Oddly enough, the Man Booker Prize will not go to Jonathan Franzen.
Mea culpa. I was so dazzled by the spectacle surrounding Jonathan Franzen, who’s fast becoming the Stieg Larsson of literary fiction, that I almost missed the announcement of the Man Booker Prize short list — which inexplicably omits my favorite U.K. novel of the year.
That would be David Mitchell’s The Thousand Autumns of Jacob De Zoet. Okay, okay, so it’s the only novel among the 13 titles on the long list that I’ve read, but I really, really like it. A two-time finalist, Mitchell deserved another go at the £50,000 prize for this novel of intrigue in Nagasaki at the turn of the 18th century. Beautifully turned, with nary a wasted word, and a narrative strategy elegant as a diamond.

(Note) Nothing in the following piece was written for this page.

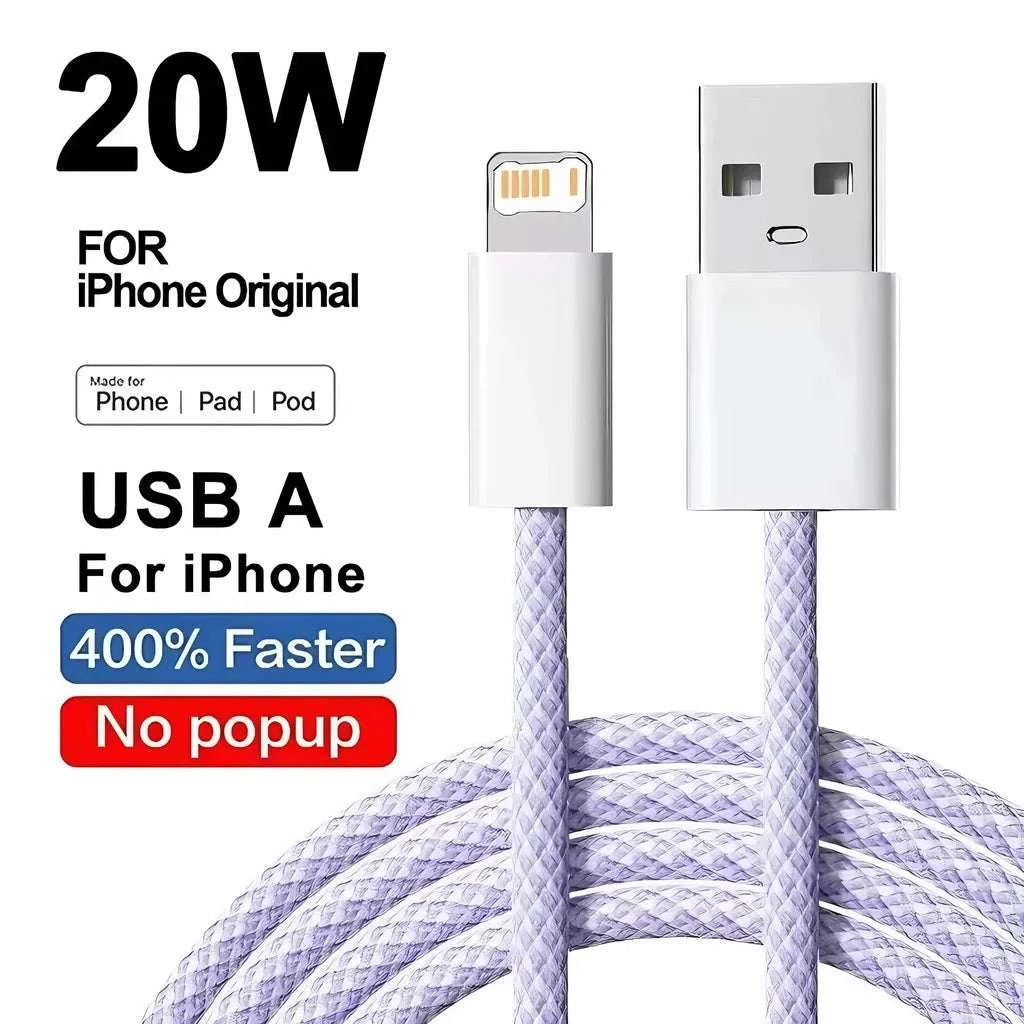 20W Braided Fast Charging USB Cable For iPhone X XR XS 6 6S 7 8 Plus 11 12 Mini 13 14 Pro Max  Rapid Charge Phone Cables 1m 2m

The Man Booker, of course, is the U.K.’s top fiction award, so just kidding about Fanzen. He’s not eligible. And now neither is Mitchell, an early favorite among oddsmakers. Also eliminated, another early favorite: The Slap, the controversial novel of suburban moral rot by Australian novelist Christos Tsiolkas, which is either “unbelievably misogynistic” or “riveting from beginning to end,” according to Alison Flood of the Guardian.

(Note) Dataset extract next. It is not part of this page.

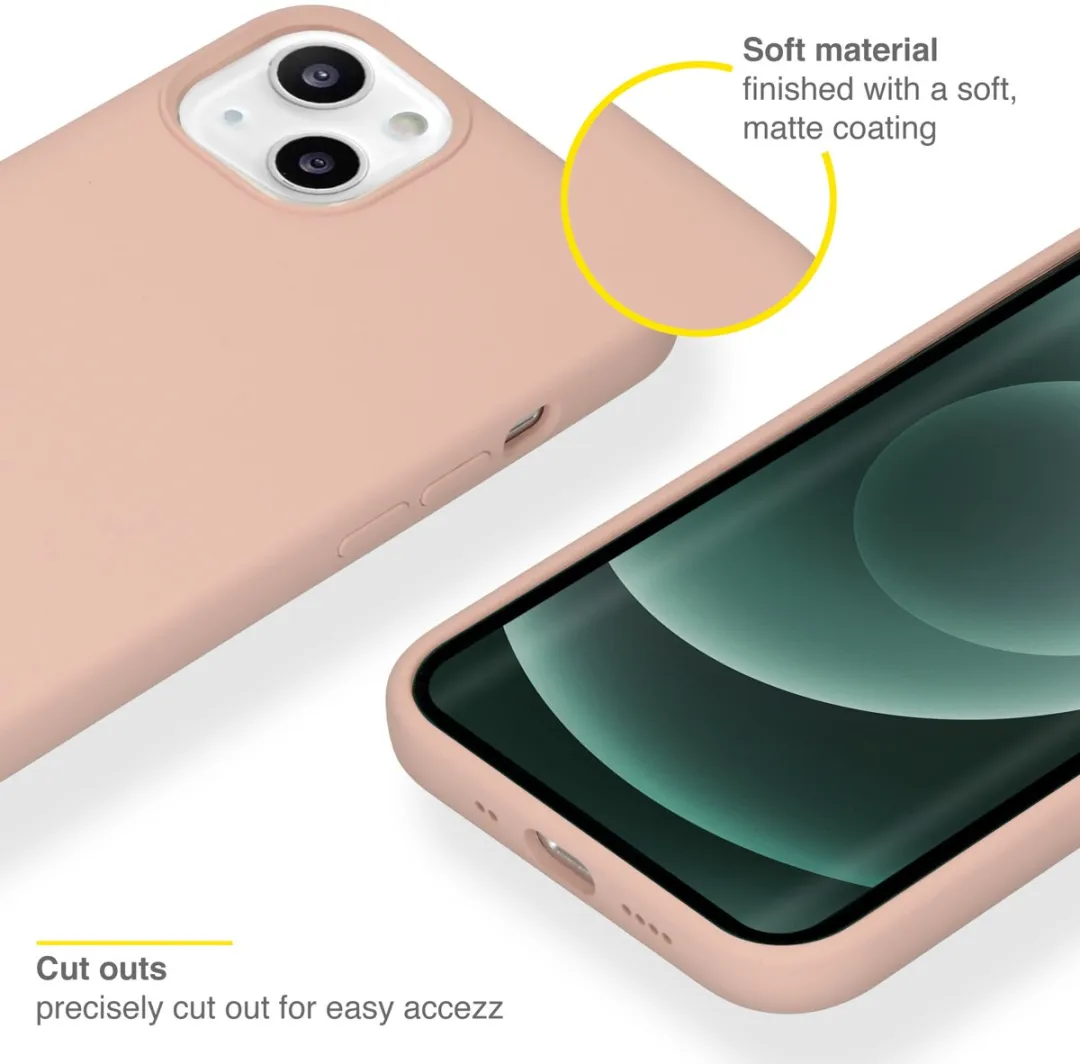 Accezz Hoesje iPhone 13 Mini Roze - Liquid Silicone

Those who did make the six-title short list include fellow Aussie Peter Carey for Parrot and Olivier in America, a fictional gloss on Alexis de Tocqueville’s famous 1831 visit to the U.S. Carey’s already taken the prize twice (for Oscar and Lucinda, 1988; and The True History of the Kelly Gang, 2001), which means he could become the first three-time winner in the 40-year-history of the Man Booker.
But British odds makers don’t like his chances. Apparently Brits will bet on anything, including literary prizes–does that seem as bizarre to you as it does to me? American gamblers may well do the same, but the place of betting in the two cultures seems vastly different.
I mean, can you imagine a New York Times story on the National Book Award that routinely included betting lines in its reporting? Me, neither. But Flood gives the odds in her Guardian report.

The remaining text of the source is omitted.